Cancer As A Turning Point: The Contributions of Lawrence LeShan, PhD

Lawrence LeShan, PhD

Lawrence LeShan, PhD
“The Father of Mind-Body Therapy”
www.cancerasaturningpoint.org
E-mail to Dr. LeShan's associate, Ruth Bolletino: rbolletino@aol.com
Phone: (212) 496-9136

In Chinese, there is no word for crisis; the word that comes closest
consists of two symbols. One for danger; the other for opportunity.

 

"Getting cancer can become the beginning of living. The search for one's own being, the discovery of the life one needs to live, can be one of the strongest weapons against disease." Lawrence LeShan

Dr. Lawrence LeShan’s therapeutic methods have achieved extraordinary results with advanced cancer patients—irrespective of whatever physical healing choices they made. Over the past thirty years that he has been practicing his unique form of psychotherapy, approximately half of his cancer patients with poor prognoses have experienced long term remission and many are still alive. That is a powerful statement you may want to read again! Nearly all dramatically improved their emotional state and quality of life. Every cancer patient who wants to maximize his or her odds for survival should at least consider how LeShan’s approach might be incorporated into the conventional, complementary or alternative physical healing path they have chosen.

Dr. Lawrence LeShan has worked with cancer patients for over fifty years now and is referred to as “the father of mind-body therapy” by many in the field.

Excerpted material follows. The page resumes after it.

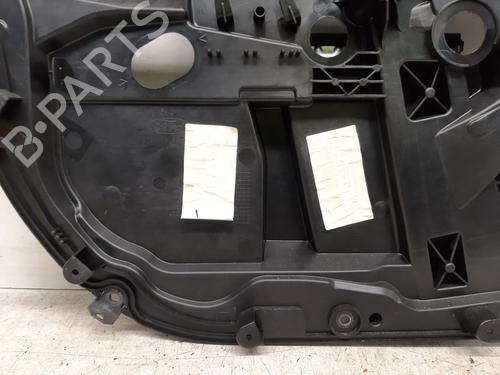 Front left window mechanism FORD FIESTA VI (CB1, CCN) 1.4 | BP26745401C22 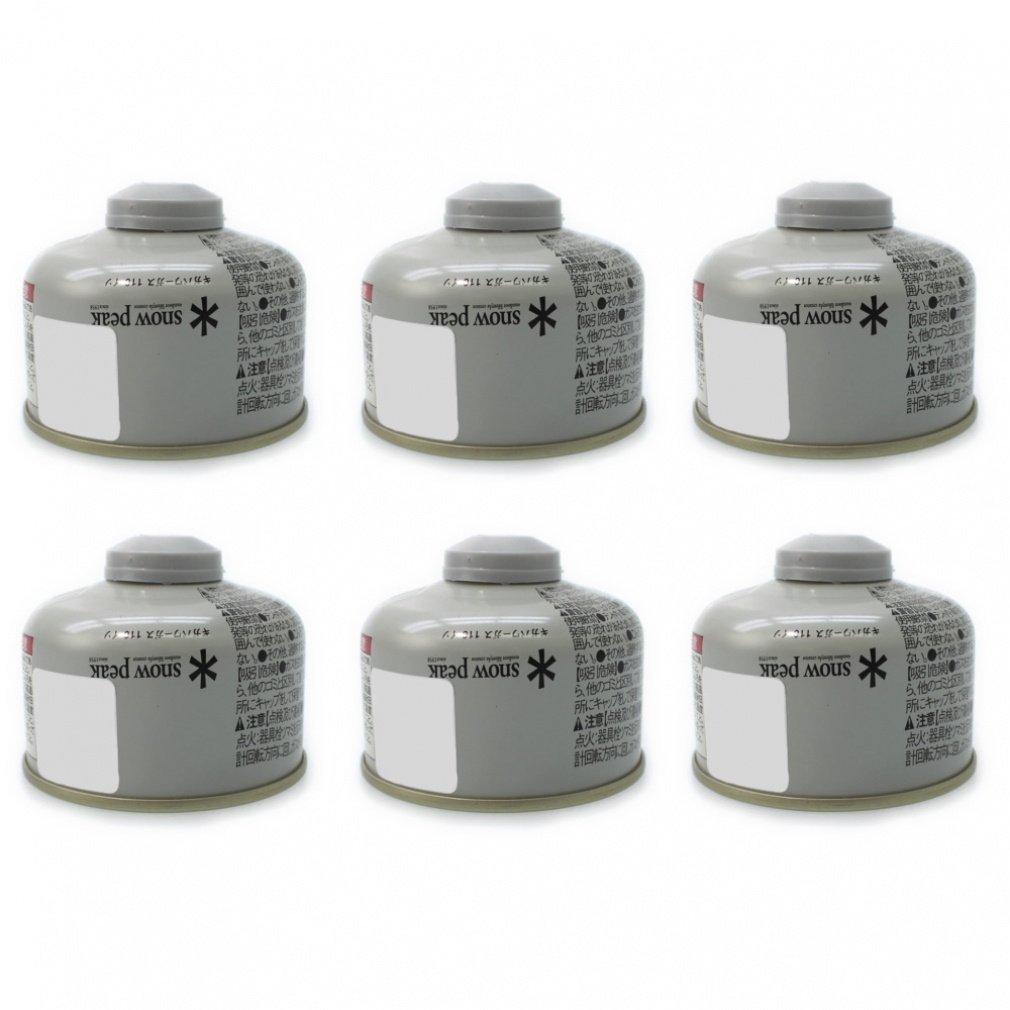 Xm[s[N MKp[KX110C\ 6{Zbg GP-110SR Lv R KX snow peak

He has been a research and clinical psychologist and is the author of more than a dozen books, including three excellent choices for cancer patients: Cancer As A Turning Point: A Handbook for Cancer Patients, Their Families and Health Professionals, You Can Fight For Your Life: Emotional Factors in the Treatment of Cancer, and How to Meditate: A Guide to Self-Discovery.”

Cancer as a Turning Point uses patient stories to show how to mobilize the cancer patient's self-healing abilities and to use them to augment whatever physical healing program the patient has chosen. The book comes out of a thirty-five year research project involving several thousand people with cancer. It is designed to teach cancer patients and their families, friends, physicians, clergymen, and psychotherapists how to use psychological change to help heal and strengthen the patient's compromised immune system.

In the beginning of his career, when he first began working with cancer patients, LeShan utilized the classic psychotherapeutic approach he was trained in, where the model was to uncover what was wrong with the patient and then determine what could be done about it. Was there something dark and hidden within the patient’s psyche? Could it be brought to light and either cured or compensated for?

This traditional analytic approach can have very positive effects with many types of mental, emotional and behavioral issues, but LeShan maintains that it did not prove helpful in mobilizing the immune system—something cancer patients must immediately accomplish if they are to survive. During the time he used this classical approach, almost none of his cancer patients survived their diagnosis longer that what had been predicted.

LeShan then began to shift his treatment method and his questions. He began to ask “What’s right with this person? What ways of being with themselves, with others and with the world will lead them to the greatest enthusiasm and satisfaction in their lives? What would provide a solid reason for being, the kind of meaning and purpose that makes us glad to get out of bed in the morning and glad to go to bed at night—the kind of life that makes us look forward zestfully to each day and to the future.

And having determined that together, he reasoned that he and his patient could begin to move toward embracing that way of being and creating that life. In effect, the definition of psychotherapy has been changed from removing the patient’s pain and reducing symptoms—to helping each patient find their own special “music” that will lead them to the “song” they came to sing in this lifetime. LeShan found that this process could be exhilarating for some and downright terrifying for others, but always beneficial in the end.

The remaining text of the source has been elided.